Doppelbetten sieht man im Halbdunkel, dazu eine Kinderecke, eine
spartanische Kochnische, auch an eine Toilette wurde gedacht. Zudem steht
da ein Monitor, mit dem der Vorderraum überwacht werden kann. Die
Zweirauminstallation „Plan B“ (2019) von Artur Zmijewski bietet also
Zuflucht angesichts wohl schon in Kürze zu erwartender sozialer Unruhen,
verursacht etwa durch die dramatische Zunahme von Klimaflüchtlingen. So
besitzt die Arbeit des polnischen Künstlers „dank“ der weltweit desolaten
Klimapolitik durchaus prophetische, ja pragmatische Qualitäten.
## Absurde Ausdauer
In Jeremy Dellers im Grazer Künstlerhaus zu sehenden neuen Film „Putin’s
Happy“ (2019) sprechen am Rande von Brexit-Demonstrationen „besorgte“
Briten über die angeblichen Ursachen und Folgen des Brexit. Schnell wird
deutlich, wie da Verschwörungstheorien, Fremdenhass und dümmliche
Übertreibungen den Ton angeben: „Wenn in deiner Stadt kein Englisch mehr
gesprochen wird, dann stimmt überhaupt nichts mehr!“ oder „Putin freut’s…

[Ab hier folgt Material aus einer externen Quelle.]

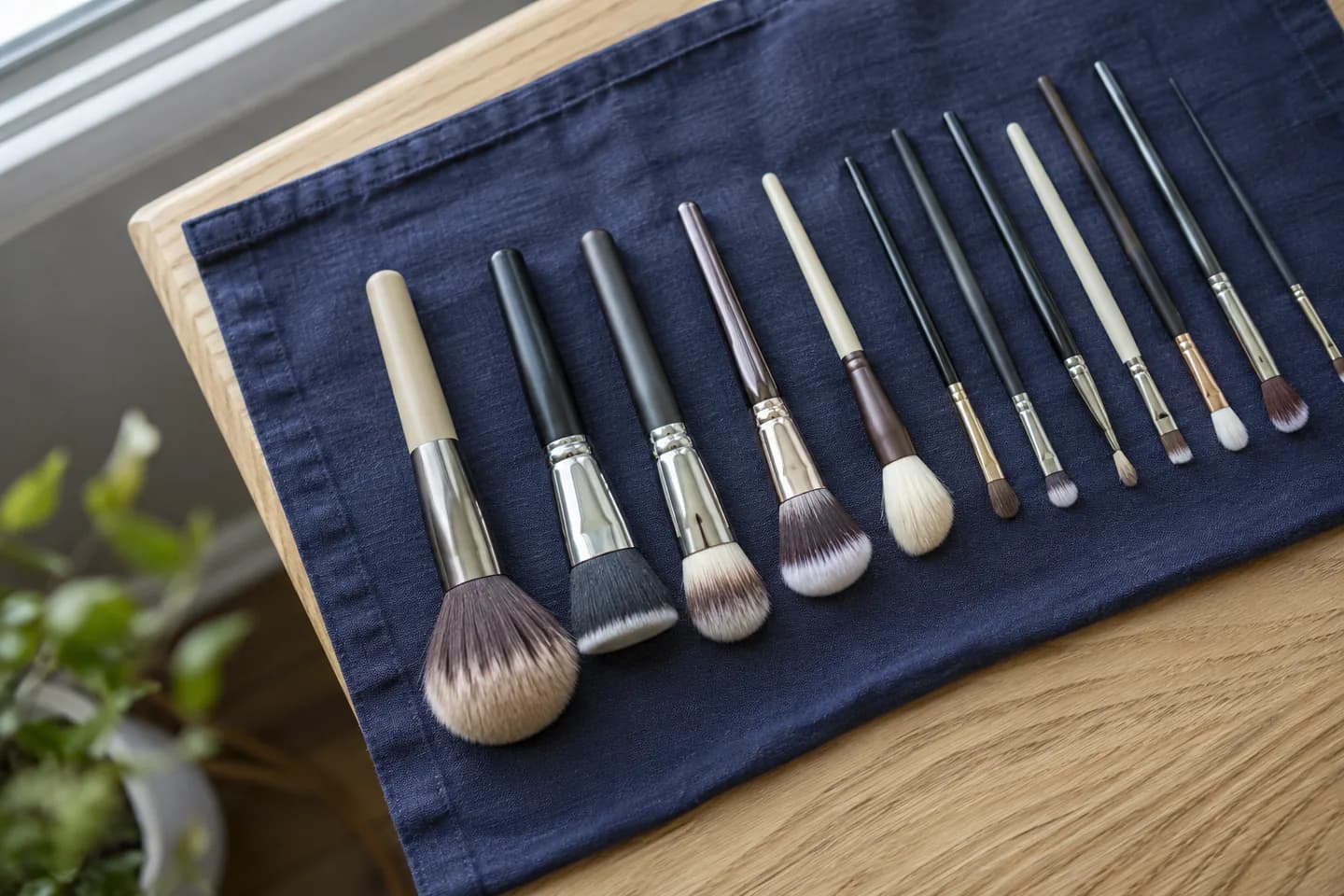 Clean face and eye makeup brushes arranged flat with space between them on navy linen near a window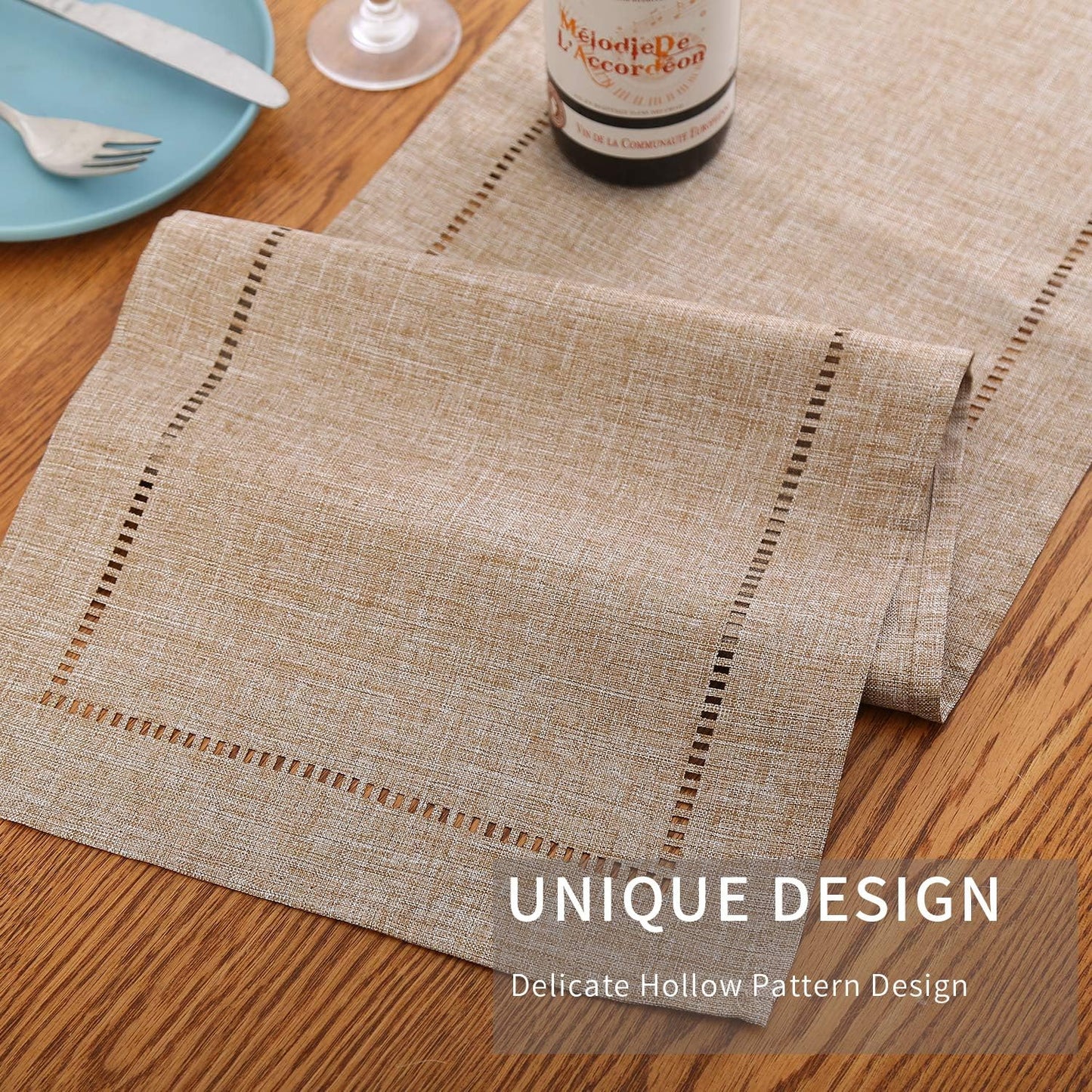 Tosewever Decorative Linen Table Runner Farmhouse Style Tabletop Collection 14 x 72 Inches Table Runners for Everyday Dining Wedding Party Holiday Home Decor (14" x 72", Light Coffee/Straight)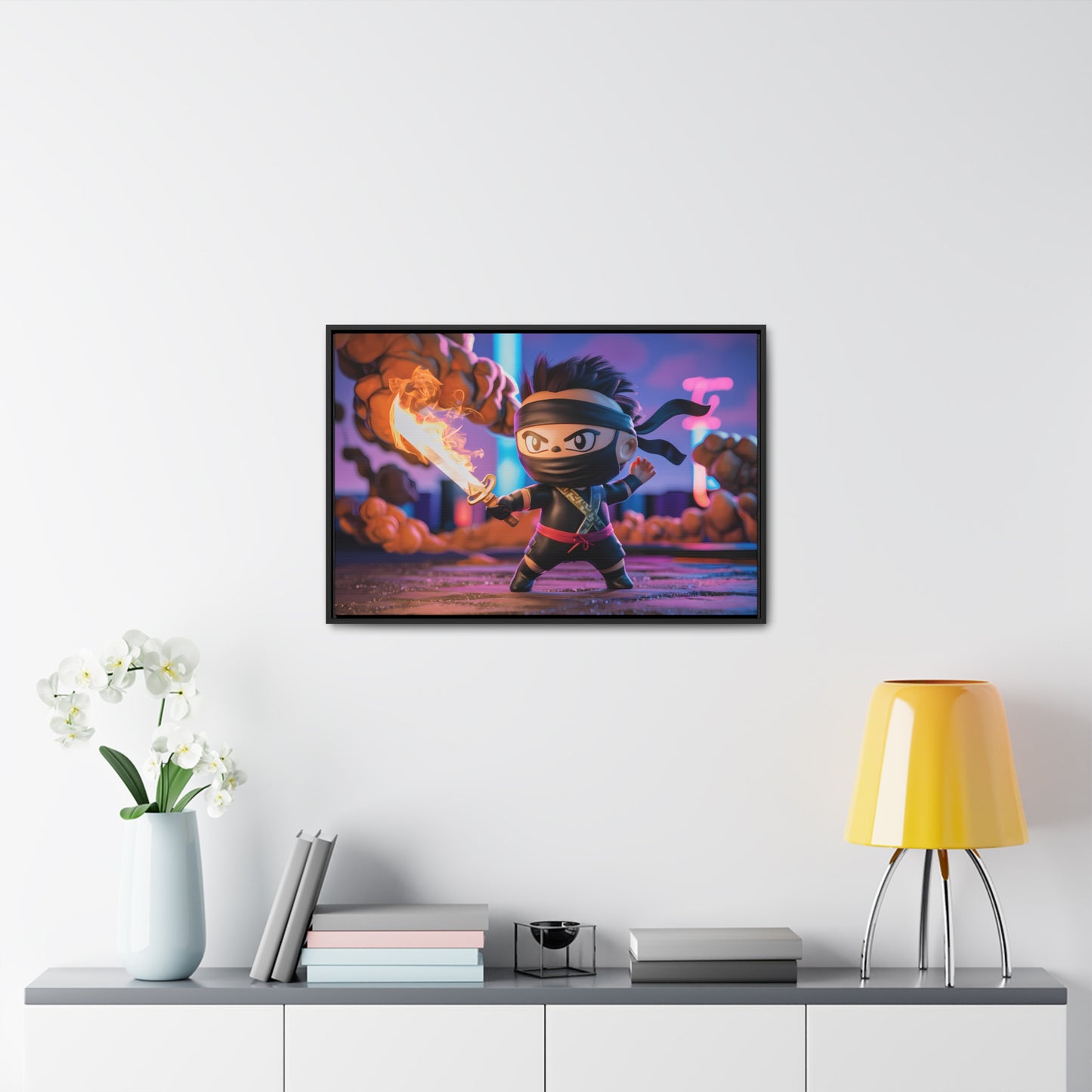 "Flameblade Ninja in Action" - Gallery Canvas Wraps, Horizontal Frame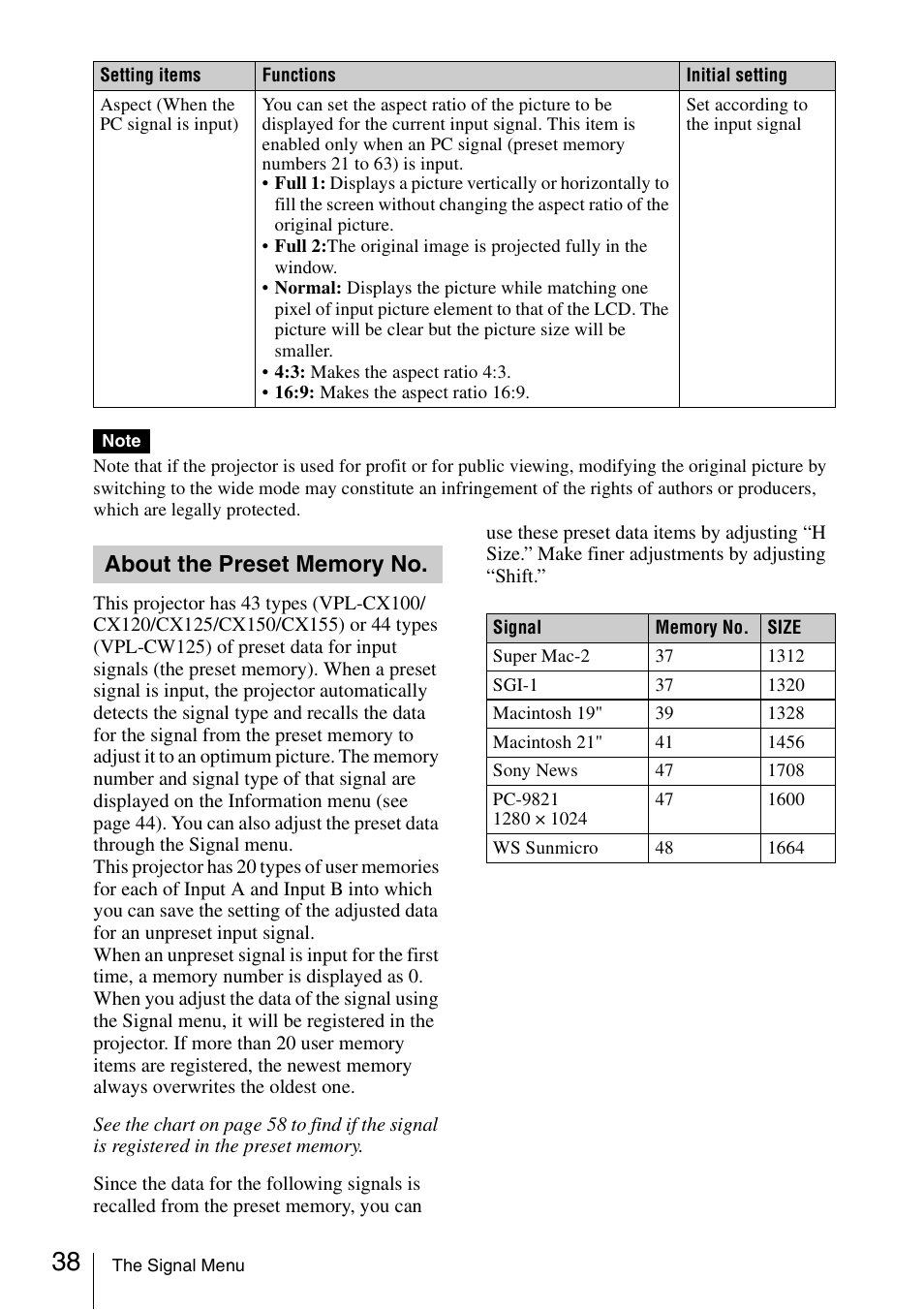 About the preset memory no | Sony Data Projector VPL-CX150 User Manual | Page 38 / 70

solche Plattitüden sind da zu hören. Dellers Arbeit bildet ab, wie in
unseren „Postdemokratien“ (Colin Crouch) rechtspopulistische
Realitätsflucht längst meinungsbildend ist. Mit knappen Slogans bedruckte
Banner, die neben den im dokumentarischen Stil gedrehten Film platziert
sind, kommentiert der Londoner Künstler das politische Geschehen zudem mit
aggressiv-kluger Verve, etwa so: „Jede Ära hat ihren eigenen Faschismus.“
Besagte Flucht in den Hedonismus steht etwa in der Helmut-List-Halle in der
Videoinstallation „Progressive Touch: Series 1“ (2019) von Michael Portnoy
zur Disposition. Schwule, lesbische und hetereosexuelle Porn-Clips stellt
der US-Künstler in seiner raumgreifenden Installation mit vier über Kreuz
stehenden Leinwänden vor, präzise geschnitten nach den Rhythmen von cooler
Progressive Rock- und Jazz-Musik.
Die sexuellen Akte, die sich da in absurder Ausdauer und Heftigkeit
vollziehen, sind jeweils in diffuses künstliches Licht getaucht und
erinnern zuweilen an schon slapstickartig anmutende Bewegungsabläufe. Wenn
man und frau so will: Hochleistungssex der extrem kommodifizierten Art hat
Michael Portnoy hier in Szene gesetzt – und so künstlerisch die Frage nach
der emotionalen Qualität zwischenmenschlicher Beziehungen Anfang des 21.
Jahrhunderts gestellt.
## Klammheimliche Propaganda
Gesellschaftliche Funktionen der bildenden Kunst schließlich nimmt Jasmina
Cibic in ihrem Film „Das Geschenk – 1. Akt“ (2019) ins Visier. Der
ebenfalls im Grazer Künstlerhaus zu sehende Film thematisiert in einer
sterilen Hochglanzästhetik die Beziehung von Staat und Kultur, dieses am
Beispiel der Instrumentalisierung von Kunst durch politisch motivierte
Geschenke an den Staat.
In dem Film soll eine vierköpfige Jury darüber entscheiden, welches von
drei geschenkten Kunstwerken, dargeboten von einem Diplomaten, einem
Ingenieur und einem Künstler, realisiert werden soll. Im Laufe der Anhörung
der drei werden dann die Probleme deutlich, die solche Geschenke mit sich
bringen, das Spektrum reicht von klammheimlicher Propaganda bis hin zu
offensichtlichen Wirtschaftsinteressen der „Spender“. Ein spannender Film
ist der slowenischen Künstlerin gelungen; dass sie allerdings in einer
Künstler*innen-Liste mit 13 Positionen nur eine der lediglich zwei (!)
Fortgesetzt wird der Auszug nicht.